Managing technology, not applications

The Technology Enablement team works with Operational Excellence to deliver the right level of technology required to support the business. Where Operational Excellence looks out into the business to gain a better understanding of how the business functions, Technology Enablement looks out into the technology community to understand what technologies and approaches can be leveraged to create the most suitable solution. (As opposed to traditional, inward focused IT department concerned with developing and managing IT assets.) These solutions can range from SaaS through to BPO, AM (application management), custom development or traditional on-premises applications. However, the mix of solutions used will change over time as we move from today’s application centric enterprise IT to new process driven approaches. Solutions today are dominated by enterprise applications (most likely via BPO or AM), but increasingly shifting to utility models such as SaaS as these offerings mature.

Finally a contract management team is responsible for managing the contractual & financial obligations, and service level agreements between the organisation and suppliers.

One pronounced effect of a strongly business focused IT organisation is the externalisation of many asset management activities. Rather than trying to be good at everything needed to deliver a world class IT estate, and ending up beginning good at nothing, the department focuses its energies on only those activities that will have the greatest impact on the business. Other activities are supported by a broad partner ecosystem: systems integrators to install applications, outsourcers for application management and business process outsourcing, and so on. Rather than ramping up for a once-in-four-year application renewal—an infrequent task for which the department has trouble retaining expertise—the partner ecosystem ensures that the IT department has access to organisations whose core focus is installing and running applications, and have been solving this problem every year for the last four years.

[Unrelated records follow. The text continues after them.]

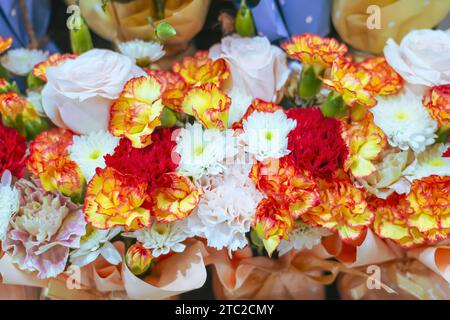 Fiori assortiti, crisantemo, garofano rosa lisianthus multicolor Foto Stock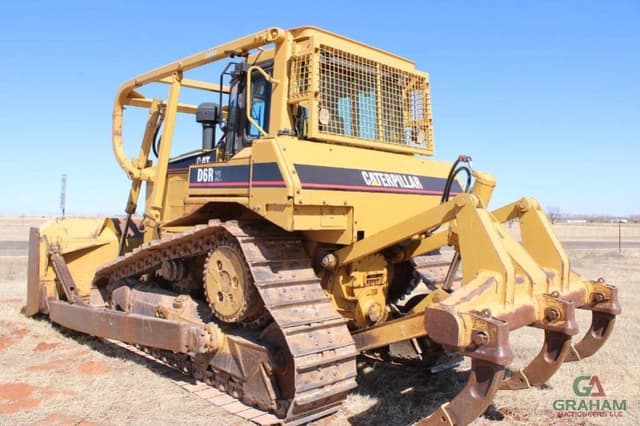 Image of Caterpillar D6RXL equipment image 3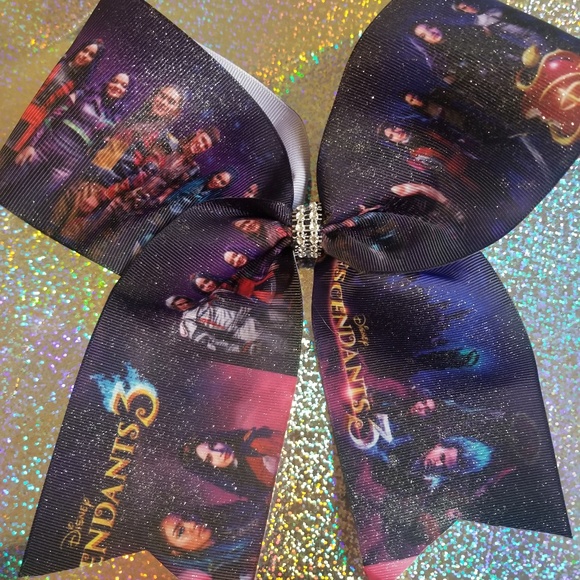 handmade Other - Descendants 3 hair bow handmade Other - Descendants 3 hair bow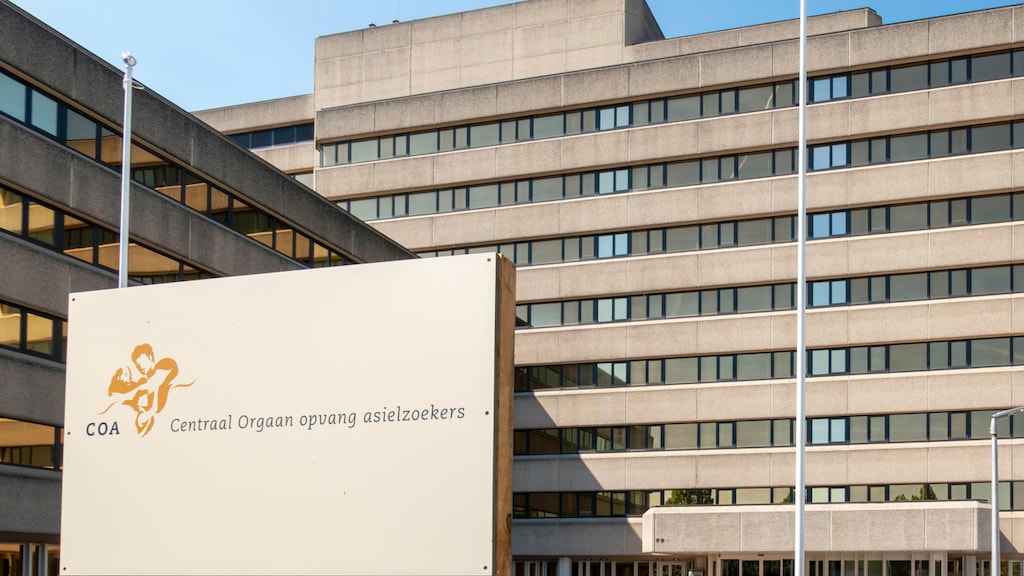 Het Einsteinkantoor in Amsterdam is nu een AZC met woonruimte voor 650 mensen.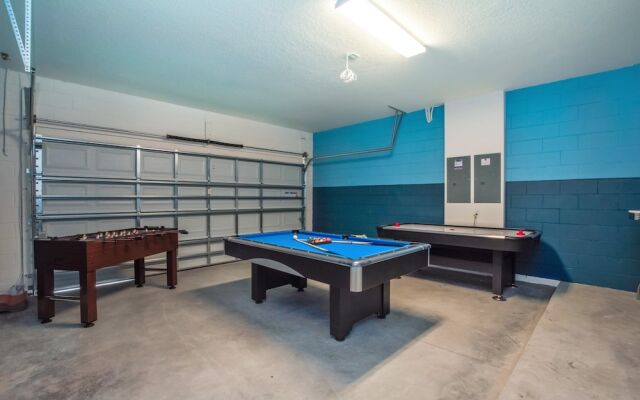 Solterra - 6116 Broad Oak Drive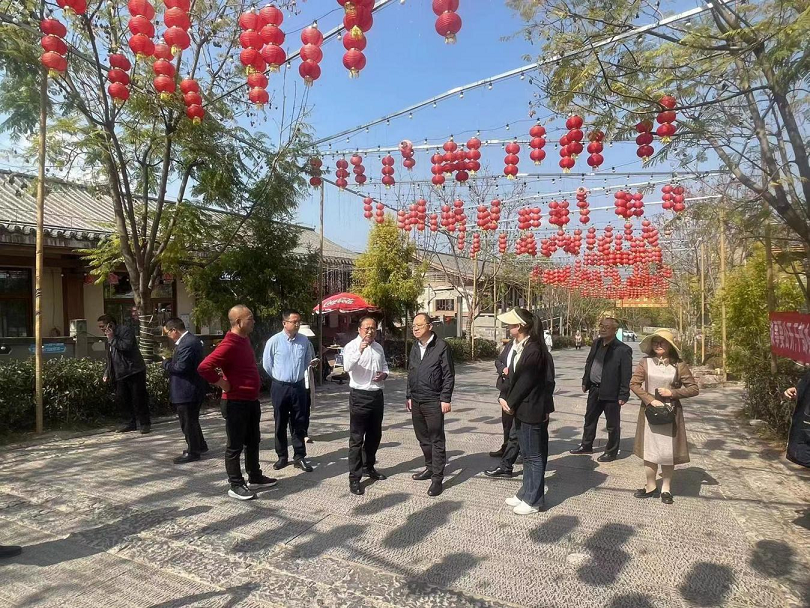 省审计厅陶志伟厅长一行赴大石板乡村振兴项目调研(图2) 省审计厅陶志伟厅长一行赴大石板乡村振兴项目调研(图2)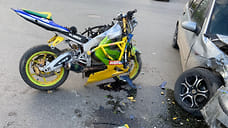 Мотоциклист и его пассажир получили травмы в ДТП с автомобилем на улице Клубной в Ижевске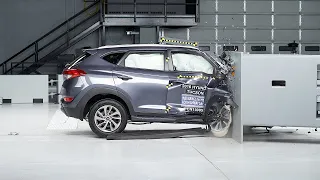 2016 Hyundai Tucson passenger-side small overlap IIHS crash test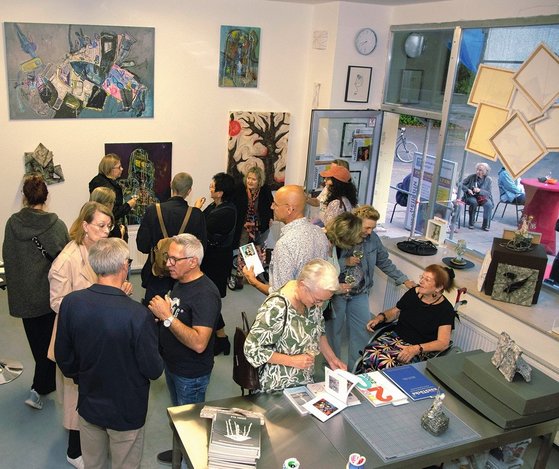 Mehrere Menschen in Galerie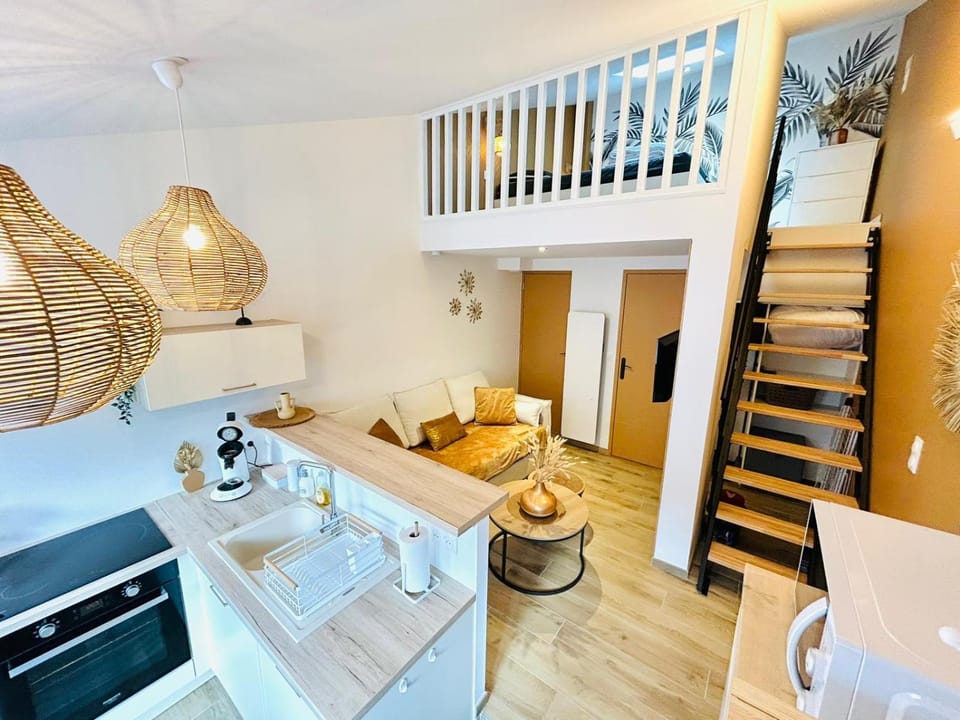 Kitchen or kitchenette, Living room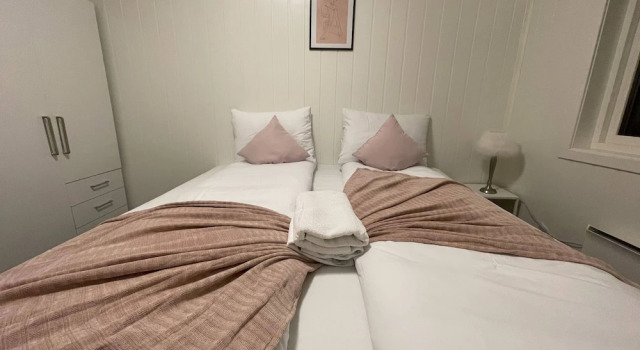 Апартаменты с 3 комнатами с балконом Bnb Stavanger Ap 9 Bertis "rooftop Terrace"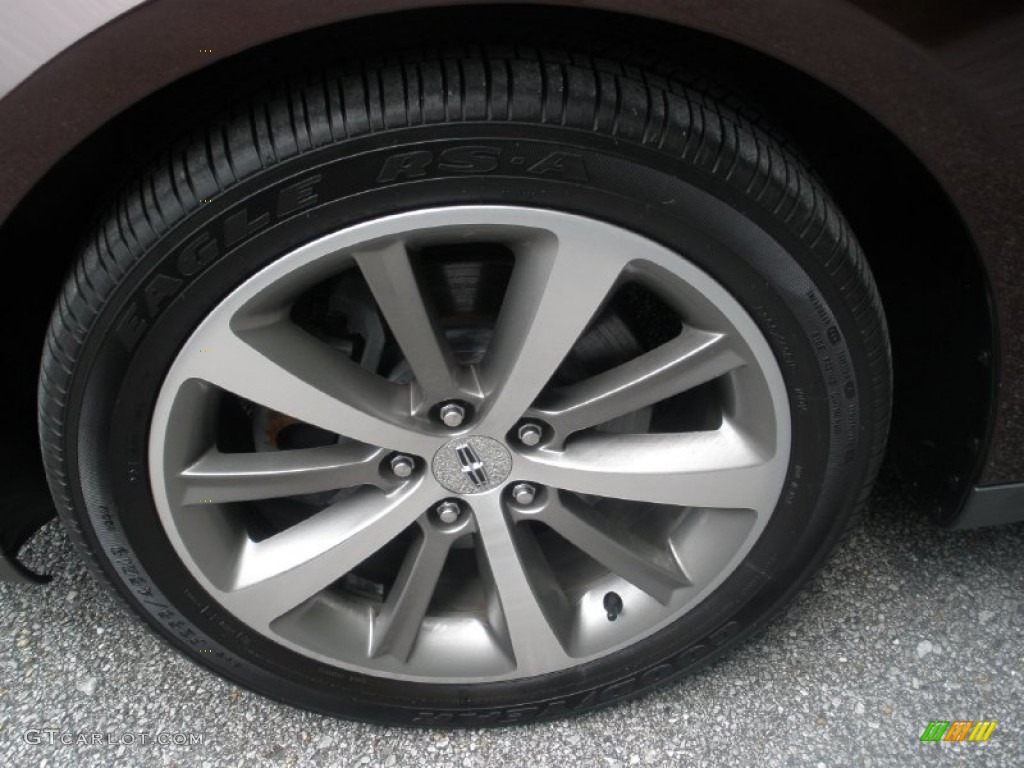 2009 Lincoln MKS Sedan Wheel Photo #69425509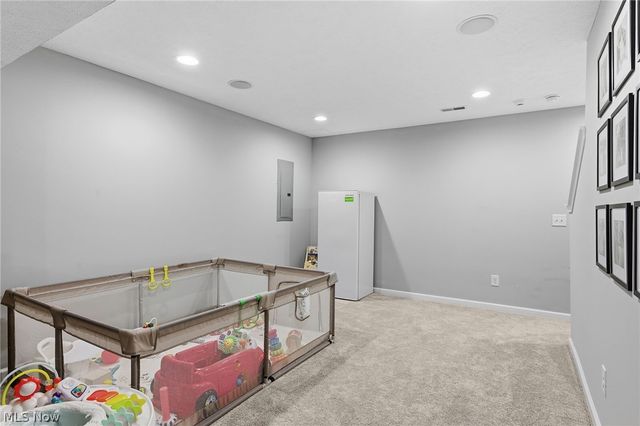 6401 Fawn Lane, North Ridgeville, OH 44039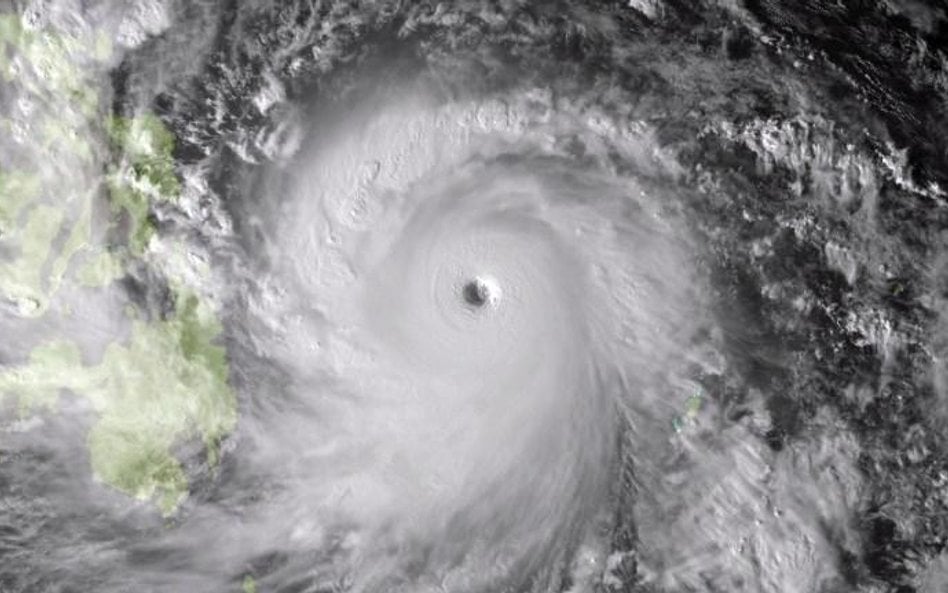Haiyan atakuje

This approach allows the IT department to concentrate on what really matters for the business to succeed. Its focus and expertise is firmly on the activities that will have the greatest impact on the business, while a broad partner ecosystem provides world class support for the activities that it cannot afford to develop world class expertise in. Rather than representing a cost centre in the business, the IT department can be seen as an enabler, working with other business to leverage new ideas and capabilities and drive the enterprise forward.